Ever had a day that just seems to start off wrong?
You wake up late.
Your kids won’t stop fussing.
You spill your coffee.
Your spouse has an attitude.
One thing seems to pile up after another. Before you know it, you are complaining and just have a bad attitude. Your words become daggers thrown at anyone who gets in your way. You go from being in a bad mood to having a bad day.
The good news—you can turn your day around!
The next time you have a challenging day, try these three tips to help renew your perspective.
1. Practice the Pause
I will be the first to admit; it is easy to react to the actions and words of others. We raise our voices or maybe even withhold affection because we are upset. When I am having a challenging moment, usually the last thing I want to do is to stop and pause. But taking a moment to step back from the situation to pause, breathe and reflect works.

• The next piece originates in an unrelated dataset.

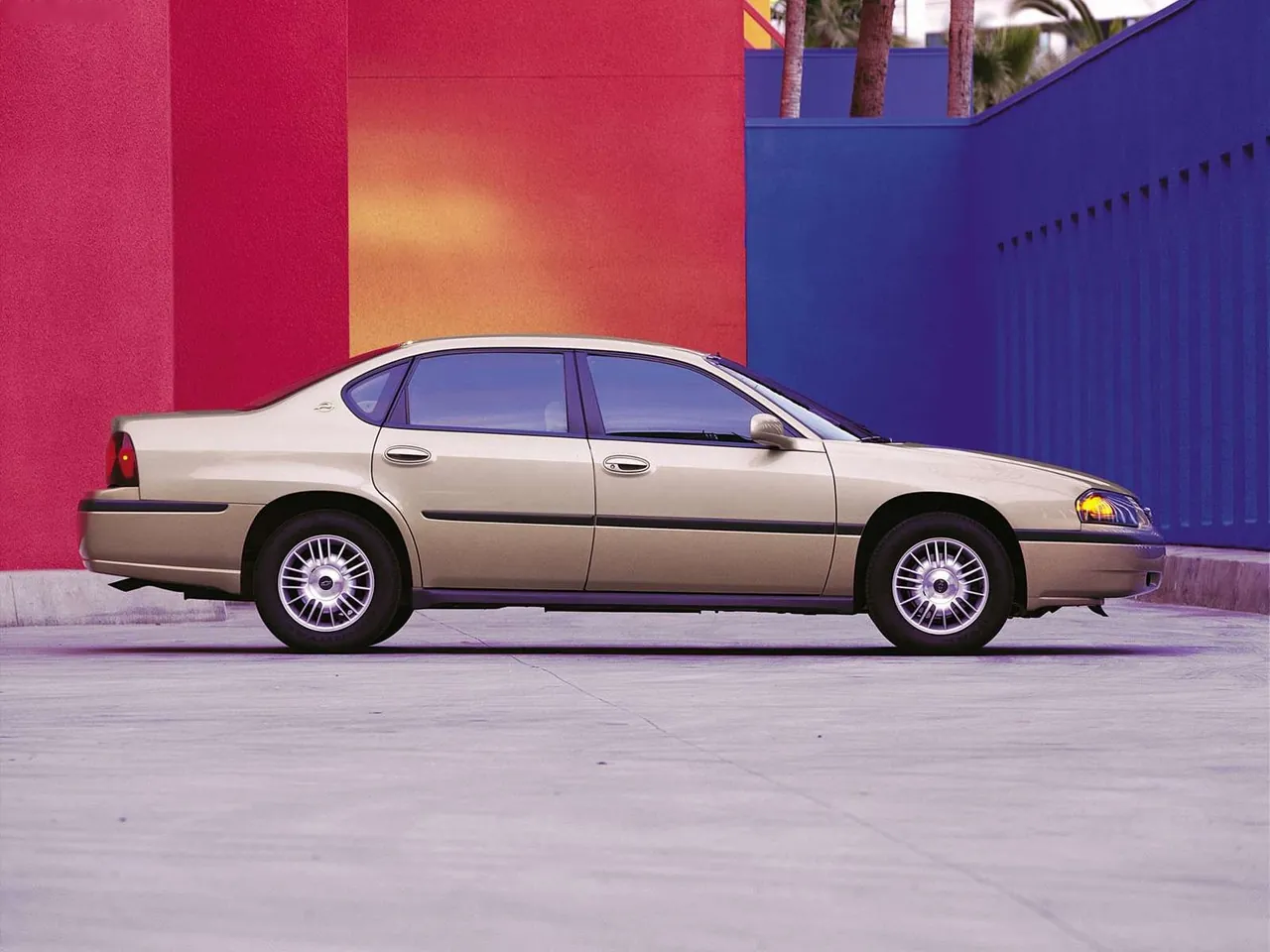 Chevrolet Impala Sedan (2001) – boční profil
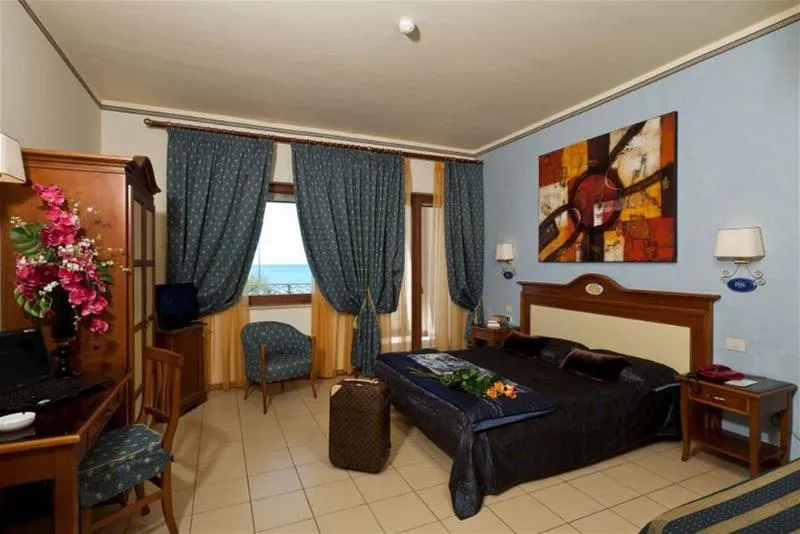 Room, Riva del Sole, Palermo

Taking a moment to pause doesn’t have to be a big deal. If you are able, walk into another room to take a few minutes before responding. Wait before returning a text or email. Listen to a praise and worship song. Do a few stretches. Before lashing out, express to others that you need a moment. (Remember, no one is a mind reader.) Being still to pray and to meditate can help quiet the raging thoughts and emotions swirling within us. Remember, how we respond is a choice!
2. Express Gratitude
Anytime we are having a challenging day, every little problem can be magnified. We see all the things wrong with ourselves, our environment, or in our relationships. Expressing gratitude helps us to shift our focus from reacting to the problems, the attitudes or the challenges of the day.
Express your gratitude out loud. Verbalize your appreciation for actions of others. Maybe it was someone who opened a door for you. Maybe your spouse helped with the dishes. Or kid remembered to clean up without asking. Whatever it is–speak to it.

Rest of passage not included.